Achtergrond

Adaptables: flexibel ontwerpen van gebouwen of ze een beetje pimpen


Het Eden Project in Cornwall, Engeland

Adaptables/Chriz van de Graaf
Illustraties/Mursel Sahin

Voor de Super TU/esday van de faculteit Bouwkunde moest een woord worden verzonnen om het onderwerp van de dag in te vangen. Het werd ‘Adaptables’; aanpasbaar en flexibel bouwen. Twee van de organisatoren van de Super TU/esday geven hun visie op het onderwerp. Van een kantoor dat in een fabriek wordt gebouwd tot het pimpen van gebouw door er een plastic zak overheen te trekken.

Aanpasbaar is een term als duurzaam; het is een denkrichting, maar heeft geen specifieke kwalificaties in zich. In het geval van aanpasbaar bouwen kan het gaan over ruimtes in een gebouw die aanpasbaar zijn, het kan gaan over het proces van bouwen, over de functie van het gebouw, over de locatie, et cetera. Toch is dit brede begrip gekozen als thema van de Super TU/esday van de faculteit Bouwkunde. Want, daar is iedereen het over eens, de traditionele manier van bouwen beantwoordt niet meer aan de snel veranderende eisen van mens en samenleving. Op het TU/e-terrein zijn de voorbeelden hiervan zichtbaar. Gebouwen als het Hoofdgebouw en de W-hal voldoen niet meer. Maar moeten ze worden afgebroken? Of moeten ze volledig worden gestript en herbouwd? En zo ja, waar moeten ze aan voldoen om weer veertig jaar mee te gaan? De sleutelwoorden zijn volgens bouwers en architecten ‘flexibiliteit’ en ‘aanpasbaarheid’.
Ir. Arno Pronk is architect en onderzoeker aan de TU/e en hij is één van de organisatoren van het congres Adaptables2006 (waar de Super TU/esday het Nederlandstalige onderdeel van is). Hij ziet in Adaptables een toekomst waarin architecten alle vrijheid nemen om met nieuwe en bestaande gebouwen om te gaan.
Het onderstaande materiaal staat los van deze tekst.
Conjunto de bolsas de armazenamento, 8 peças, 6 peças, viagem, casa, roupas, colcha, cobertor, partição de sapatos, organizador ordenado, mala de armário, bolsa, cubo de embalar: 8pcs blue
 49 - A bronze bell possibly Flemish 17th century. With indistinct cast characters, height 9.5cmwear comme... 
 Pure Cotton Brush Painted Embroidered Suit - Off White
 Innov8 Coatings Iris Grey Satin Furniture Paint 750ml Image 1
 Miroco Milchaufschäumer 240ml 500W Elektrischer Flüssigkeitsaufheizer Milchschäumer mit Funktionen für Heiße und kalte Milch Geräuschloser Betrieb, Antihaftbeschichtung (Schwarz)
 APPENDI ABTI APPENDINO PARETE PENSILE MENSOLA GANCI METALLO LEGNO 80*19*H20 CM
Pronk: “Dan kun je denken aan opblaasbare constructies, aan nieuwe huiden voor gebouwen, aan reclames op gebouwen; kameleontisch met gebouwen omgaan dus. Je kunt dan iets toevoegen zonder te hoeven slopen. Daarmee krijg je een ander uiterlijk, een ander gebruik van een gebouw en zelfs een andere bouwfysica. Dat maakt het interessant”.
Pronk trekt een vergelijking met mode. Een onderwerp waar één van zijn studenten mee bezig is geweest. “Je kunt een gevel beschouwen als een naakte huid die je met textiel aankleedt. Zo kun je een bedrijfspand met logo’s opsieren en als er een andere huurder inkomt, kun je andere logo’s aanbrengen. Daarmee geef je aanpasbaar bouwen een nieuwe impuls. Nu gaat het vaak over de plek van wanden en leidingen. Dat is natuurlijk wel belangrijk, maar het kan allemaal wat frisser en hipper.”

Pimpen
Een andere student van Pronk heeft het Hoofdgebouw van een nieuwe gevel voorzien. “Met opblaasbare, lichtgewicht constructies is een ontwerp gemaakt waarmee het gebouw een nieuwe gevel krijgt, die in verschillende kleuren wordt aangelicht. Er zijn ongetwijfeld mensen die daar grote bezwaren tegen hebben. Er zijn er ook die zeggen: laten we dat gebouw een beetje pimpen. Dat zijn twee uitersten.”
Een ander voordeel is dat je met relatief weinig geld een gebouw een nieuw gezicht kunt geven. “Door er een plastic zak overheen te trekken kun je het gebouw ook nog eens bouwfysisch op orde krijgen”, aldus Pronk. “Dat is altijd een probleem geweest. Tussen de oude huid en de nieuwe kun je veel warmte afvoeren, wat nu voor problemen zorgt. De gevel wordt niet gesloopt, dus er is minder afval, en het gebouw kan in gebruik blijven terwijl de nieuwe huid wordt aangebracht. Wanneer we er over vijf jaar genoeg van hebben, trekken we er een nieuwe zak overheen. Veel voordelen dus.” Toch staat conservatisme deze manier van bouwen in de weg, zegt Pronk. “Architecten hebben er moeite mee dat ze bouwen voor een paar jaar en niet voor dertig tot vijftig jaar.”
Het aangepast bouwen is niet alleen iets van de toekomst, aldus de Bouwkunde-docent. “Je ziet nu dat enorme reclames aan gebouwen worden gehangen. Dat is iets tijdelijks wat een permanent karakter krijgt. Die manier van met gebouwen omgaan heeft zich naast de gangbare architectuur ontwikkeld als een soort randgebied. Maar het is interessant om er wat beter naar te kijken, omdat je het in de traditionele architectuur kunt gebruiken.”
Pronk laat op zijn beeldscherm probleemloos voorbeelden zien van projecten waarbij met nieuwe materialen en lichtgewicht constructies belangrijke gebouwen worden gemaakt. De Allianz Arena in München, een stadion waar tijdens het WK voetbal wordt gespeeld, bestaat uit allemaal opblaasbare elementen. Er zitten lampjes in waarmee het met verschillende kleuren wordt aangelicht. In Engeland staat het opblaasbare Eden Project, waar in een soort plastieken iglo’s mens en natuur dichter bij elkaar komen. Maar ook tijdelijke gebouwen vallen voor Pronk onder het aangepaste bouwen.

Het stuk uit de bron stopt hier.